- Brief -
Take the lines below from the one with "CUQOO Bicycle Seat" through the one with "Tribesigns Farmhouse Entryway" and retype them exactly. Include nothing else, and no pictures.

- Provided records -
......
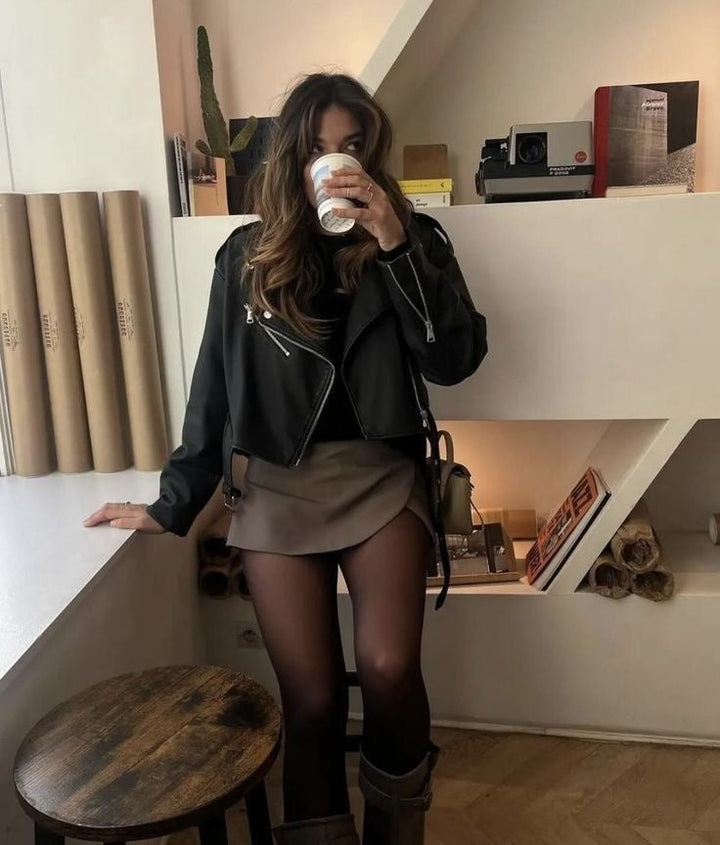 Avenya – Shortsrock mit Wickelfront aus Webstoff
......
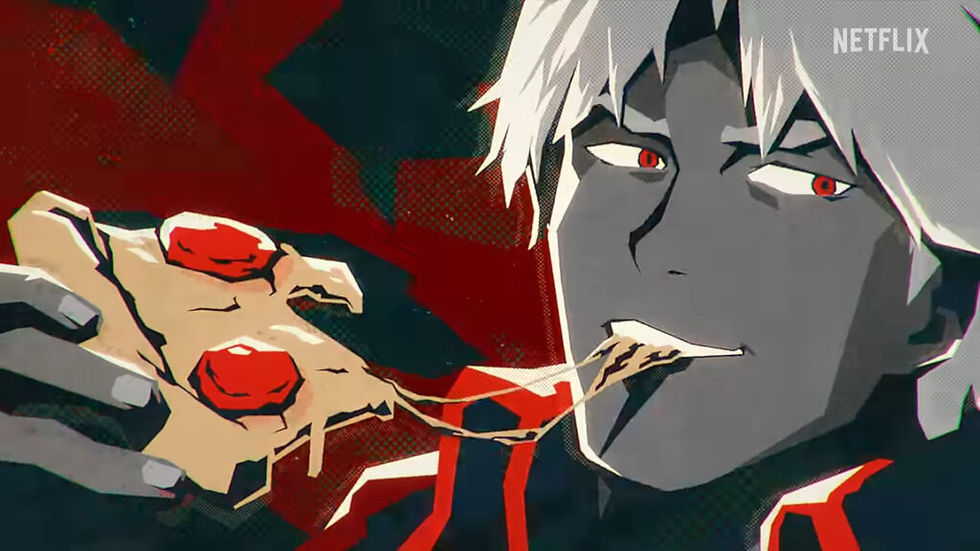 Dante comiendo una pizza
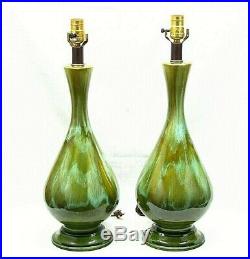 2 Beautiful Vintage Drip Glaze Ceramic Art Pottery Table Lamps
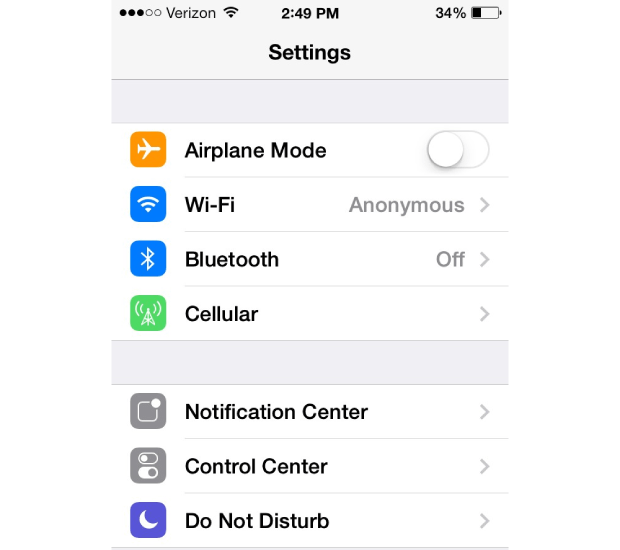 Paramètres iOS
......
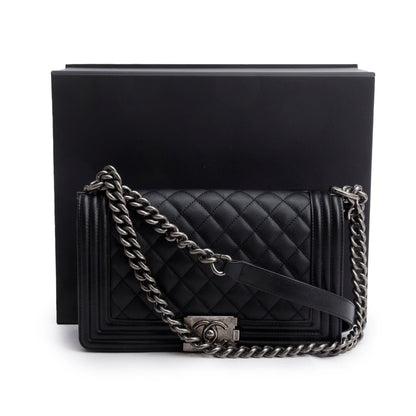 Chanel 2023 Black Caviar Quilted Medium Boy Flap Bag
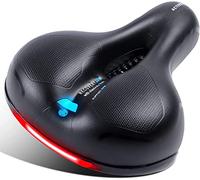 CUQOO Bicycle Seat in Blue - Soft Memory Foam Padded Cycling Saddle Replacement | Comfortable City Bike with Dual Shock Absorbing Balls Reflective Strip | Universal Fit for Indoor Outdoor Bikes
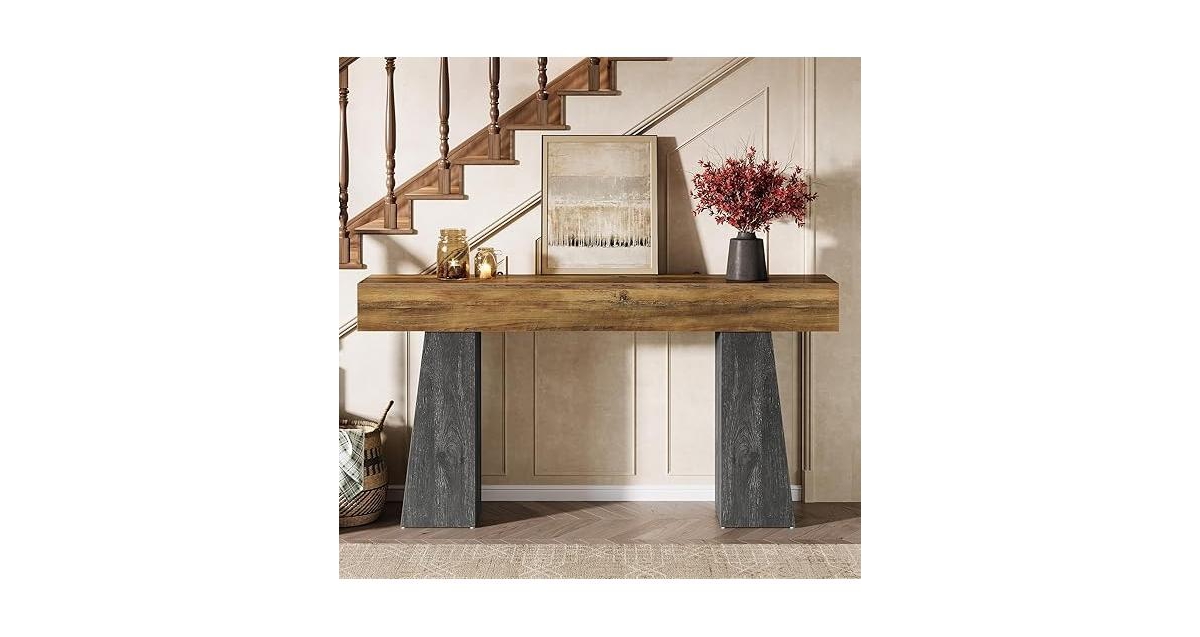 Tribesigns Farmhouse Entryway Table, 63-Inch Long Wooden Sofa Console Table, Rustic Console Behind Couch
......
- Task response -
 CUQOO Bicycle Seat in Blue - Soft Memory Foam Padded Cycling Saddle Replacement | Comfortable City Bike with Dual Shock Absorbing Balls Reflective Strip | Universal Fit for Indoor Outdoor Bikes
 Tribesigns Farmhouse Entryway Table, 63-Inch Long Wooden Sofa Console Table, Rustic Console Behind Couch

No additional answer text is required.